Cloud storage isn’t sexy, but it’s often cost-efficient.

In September, IAC — the parent company of publishers including Dotdash, Investopedia and The Daily Beast — finished a 12-month project of moving the data storage and back-end tech infrastructure of its 50 digital media sites to the cloud. No longer having to maintain 400 servers across eight different physical locations will save IAC $10 million a year, the company said.

The toughest part of making this change is that cloud computing services use their own programming languages, said Maxx Lobo, vp of platform and cloud services at IAC Publishing. Once IAC decided to make this change, it had to train 425 developers and engineers to write and analyze code for Amazon Web Services, the vendor that IAC chose.
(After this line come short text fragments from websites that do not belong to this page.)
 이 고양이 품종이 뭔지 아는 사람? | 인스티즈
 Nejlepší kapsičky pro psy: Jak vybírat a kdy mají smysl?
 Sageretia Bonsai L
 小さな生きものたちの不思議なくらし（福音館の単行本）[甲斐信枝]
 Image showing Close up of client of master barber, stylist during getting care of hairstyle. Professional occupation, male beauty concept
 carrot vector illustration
IAC wouldn’t say how much it pays Amazon for cloud services, but it acknowledged that its scale allowed it to negotiate a cheaper rate than the standard prices on Amazon’s website. For companies that store 100 terabytes of data with Amazon, its standard monthly rate is 2 cents per gigabyte.
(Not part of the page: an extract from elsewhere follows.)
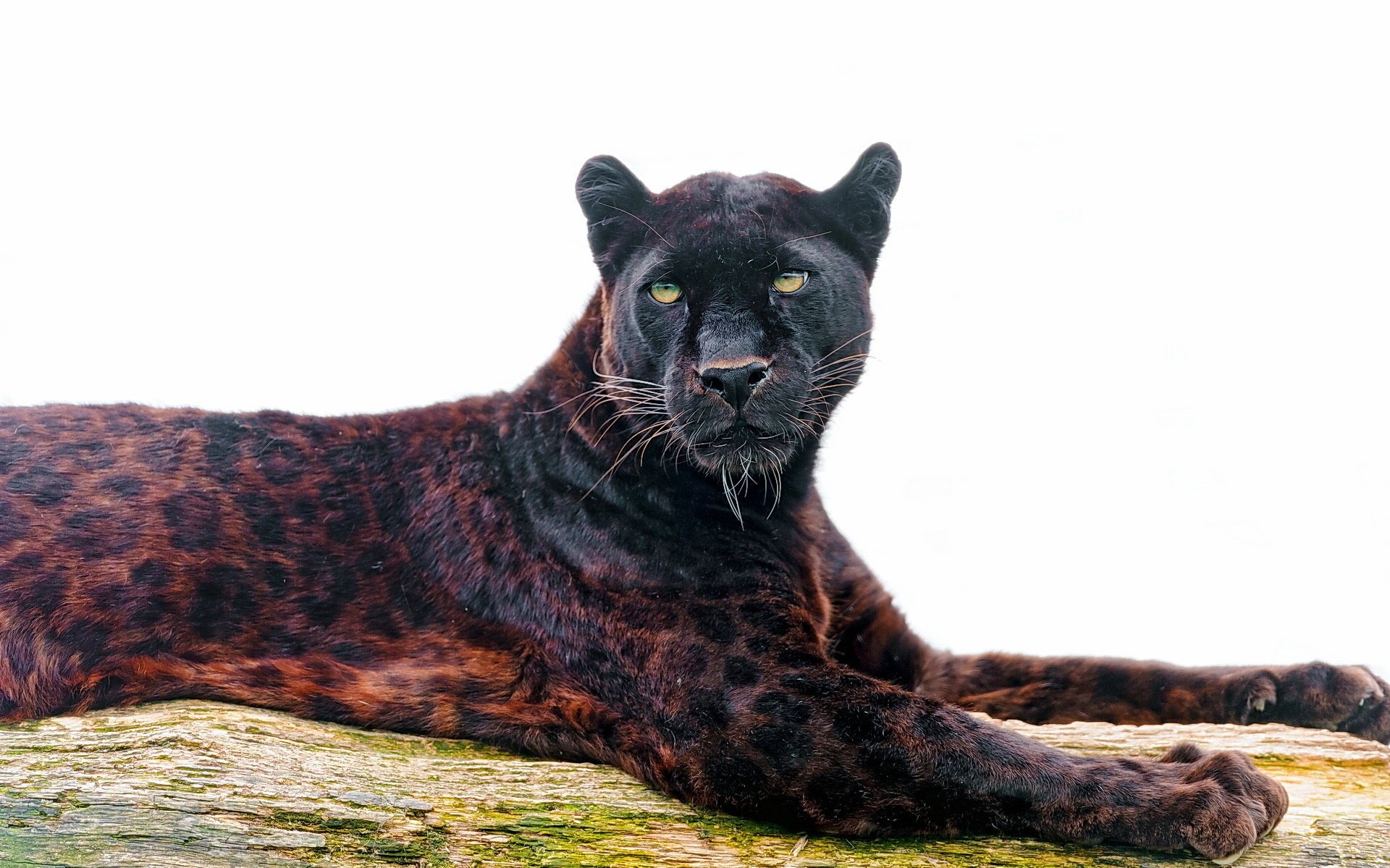 leopardo pantera hocico mirada depredador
Instead of migrating data to the cloud on a site-by-site basis, IAC migrated pieces of multiple sites simultaneously over the cloud, Lobo said. The first pieces of code it moved to the cloud were consumer-facing products like the design elements that make up its websites. Last to move to the cloud were its data lakes that host its raw user data.
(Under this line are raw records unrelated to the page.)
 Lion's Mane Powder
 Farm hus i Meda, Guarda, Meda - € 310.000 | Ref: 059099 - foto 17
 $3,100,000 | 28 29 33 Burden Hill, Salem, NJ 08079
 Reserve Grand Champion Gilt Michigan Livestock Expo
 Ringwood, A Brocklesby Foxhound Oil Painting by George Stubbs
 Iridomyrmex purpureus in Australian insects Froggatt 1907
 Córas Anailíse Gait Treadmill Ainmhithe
Another challenge of pulling off a project this big is getting people to go along with it.

“The hardest part of large-scale cloud migrations isn’t technical,” said Ben Jackson, founder of publisher consulting firm For the Win. “It’s building consensus with stakeholders across dozens of sites, each with its own team, priorities and limitations.”

Getting executives to back the project enabled IAC to get 50 different sites to agree on it, Lobo said.

“Our CEO put a stake in the ground and said, ‘We are going to do it,’” Lobo said.

Other media companies have migrated their data to the cloud in recent years. Condé Nast did this back in 2014. Spotify and The New York Times also made these changes in the past two years.

While IAC Publishing — the IAC unit that includes Dotdash, Investopedia, The Daily Beast, Ask.com and Dictionary.com — is now fully on the cloud, its other business units are not. This includes its video platforms like Vimeo and CollegeHumor as well as Match Group, which is made up of dating networks like Tinder and OkCupid. A company spokesperson said IAC plans to eventually bring all of its properties to the cloud, but no timeline has been set.